* _RECORDED INFORMATION_:
[Start of Attachment]

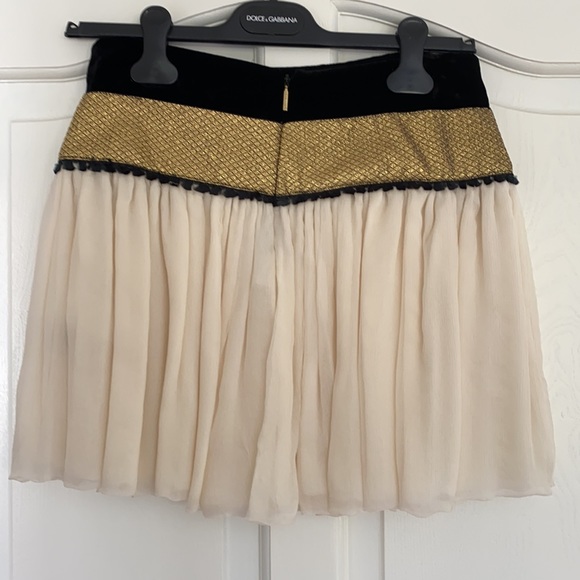 Roberto Cavalli white chiffon mini skirt. - Picture 2 of 9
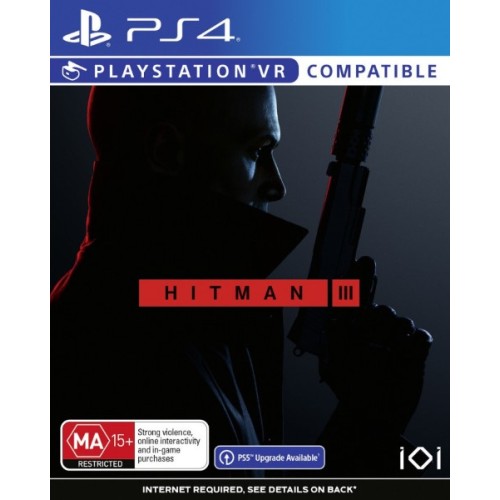 Hitman 3 PS4 VR Compatible 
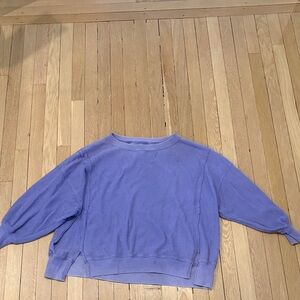 American Eagle Outfitters Lavender Waffle Knit Top
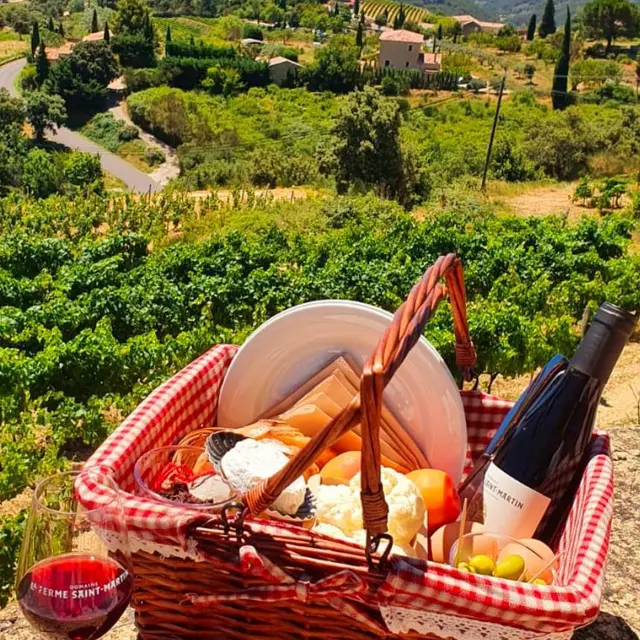 Paniers champêtres - Domaine La Ferme Saint-Martin_Suzette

[End of Attachment]

* _YOUR INSTRUCTIONS_:
Could you print the data exactly as it appears and keep the pictures out?

* _RESPONSE AREA_:
 Roberto Cavalli white chiffon mini skirt. - Picture 2 of 9
 Hitman 3 PS4 VR Compatible 
 American Eagle Outfitters Lavender Waffle Knit Top
 Paniers champêtres - Domaine La Ferme Saint-Martin_Suzette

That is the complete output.